When training nn models using Pytorch, is there a difference regarding where we place the backward method? For example, which one of below is correct?
Calculate gradient across the batch:
for e in range(epochs):
for i in batches_list:
out = nn_model(i)
loss = loss_function(out, actual)
loss_sum += loss.item()
lstm.zero_grad()
loss.backward()
optimizer.step()
loss_list.append(loss_sum / num_train_obs)
Calculate gradient across the epoch:
for e in range(epochs):
for i in batches_list:
out = nn_model(i)
loss = loss_function(out, actual)
loss_sum += loss.item()
lstm.zero_grad()
loss_sum.backward()
optimizer.step()
loss_list.append(loss_sum / num_train_obs)

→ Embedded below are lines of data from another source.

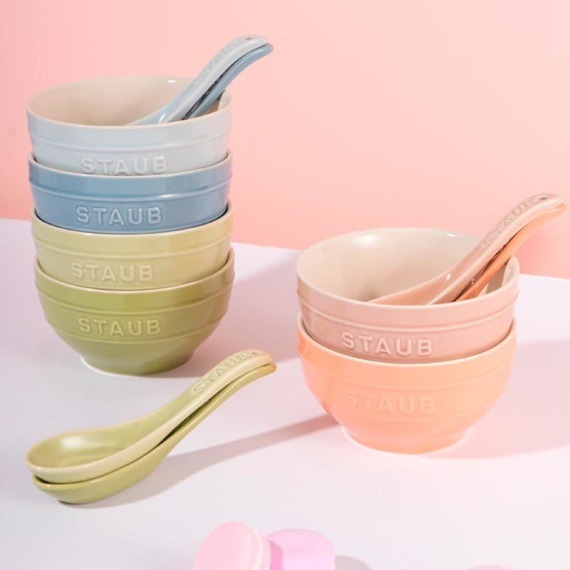 Staub 甜蜜馬卡龍餐具 18件/套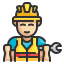construction worker icon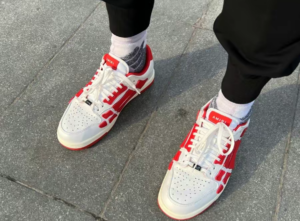 Giay Amiri Skel Top Low 'White Red' MFS003-124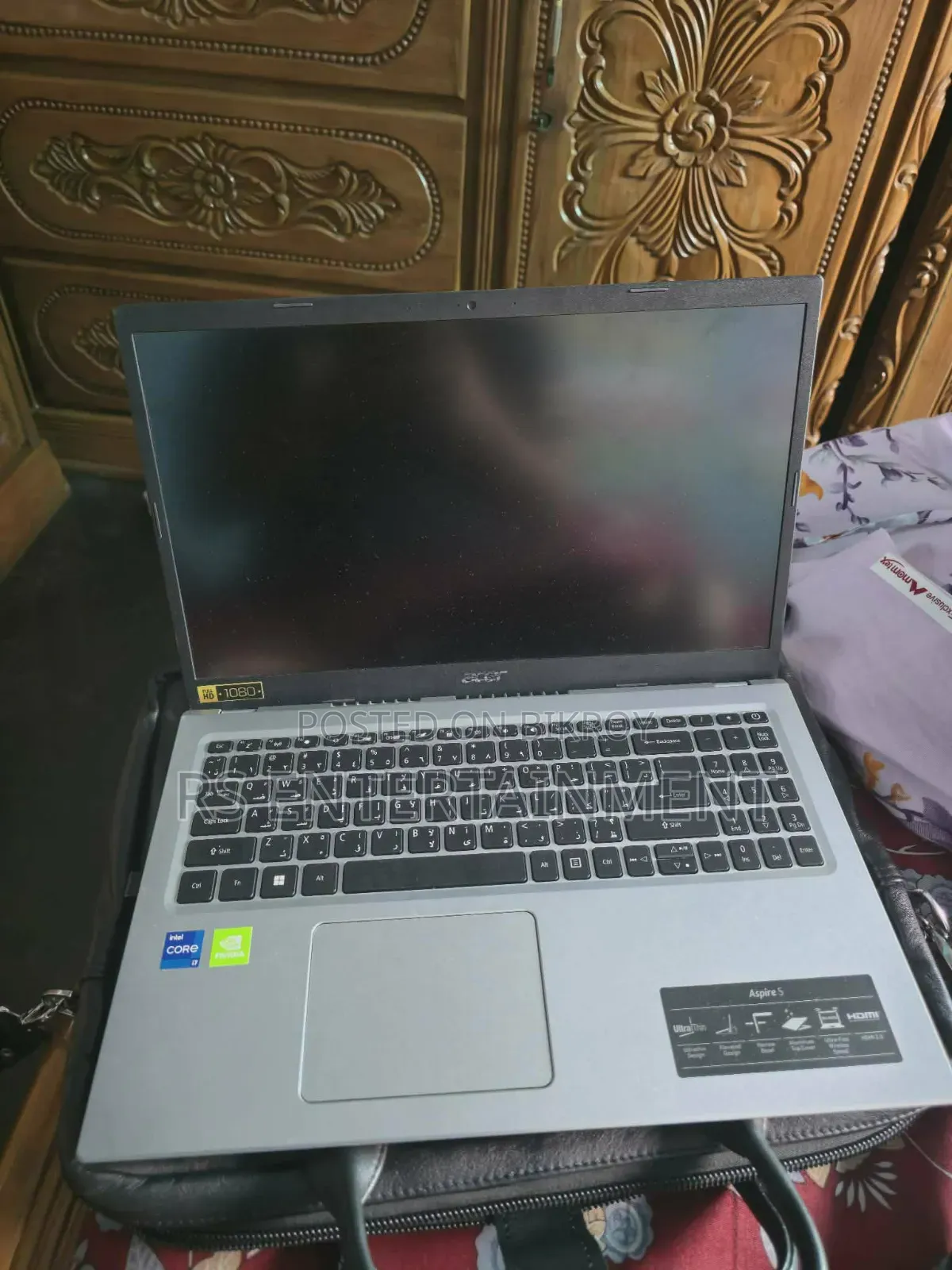 ল্যাপটপ এসার অ্যাসপায়ার ৫ ৮জিবি ইন্টেল কোর আই৭ এইচডিডি ৫১২জিবি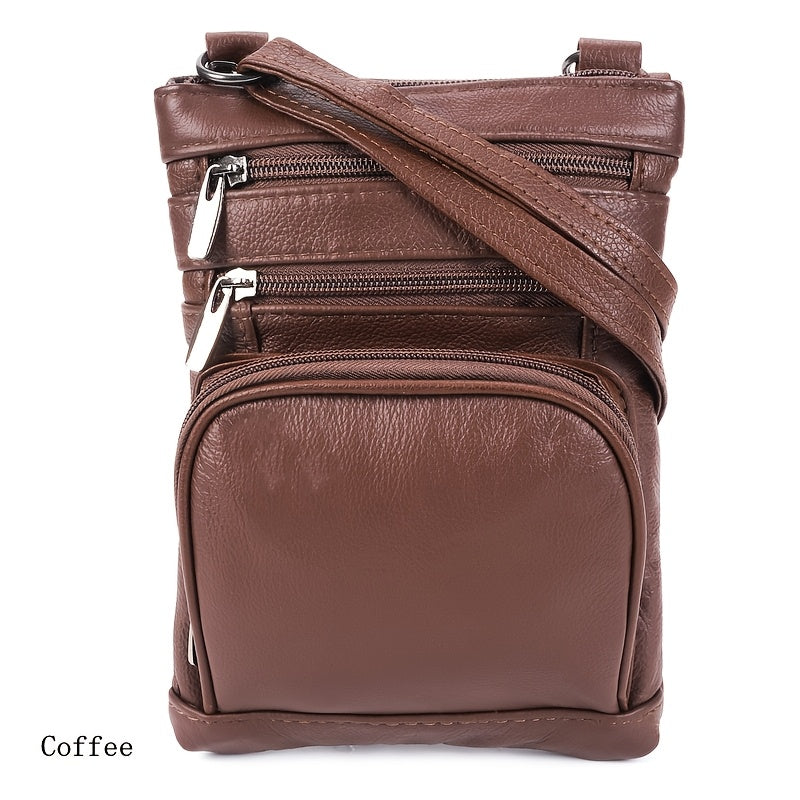 Genuine Leather Messenger Bag -  3 Sizes, 10 Colors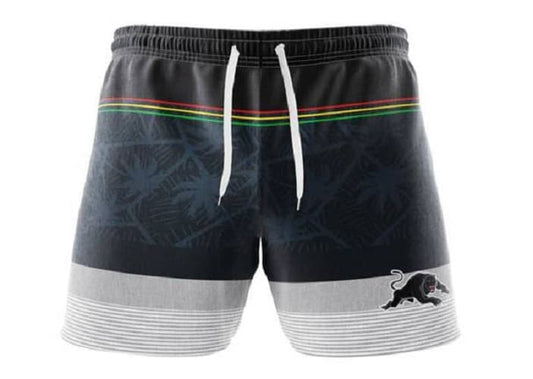 Penrith Panthers NRL Mens Beach Shorts and Hat Combo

Thanks @crowsonkb . I think I had a typo in the second code. The backward() should be based on loss_sum, not loss. In this case, would your opinion still hold?
To accumulate gradients across an entire epoch, try something along the lines of the following code:
for e in range(epochs):
optimizer.zero_grad()
for i in batches_list:
out = nn_model(i)
loss = loss_function(out, actual)
loss.backward()
loss_sum += loss.item()
optimizer.step()
loss_list.append(loss_sum / num_train_obs)
I think your second code will need loss_sum += loss instead of loss.item() to work at all? I think mine may be more efficient, allowing the intermediate computational graph for each batch to be freed at the end of each batch, by the loss.backward() call. Though someone with more experience with autograd might want to chime in here.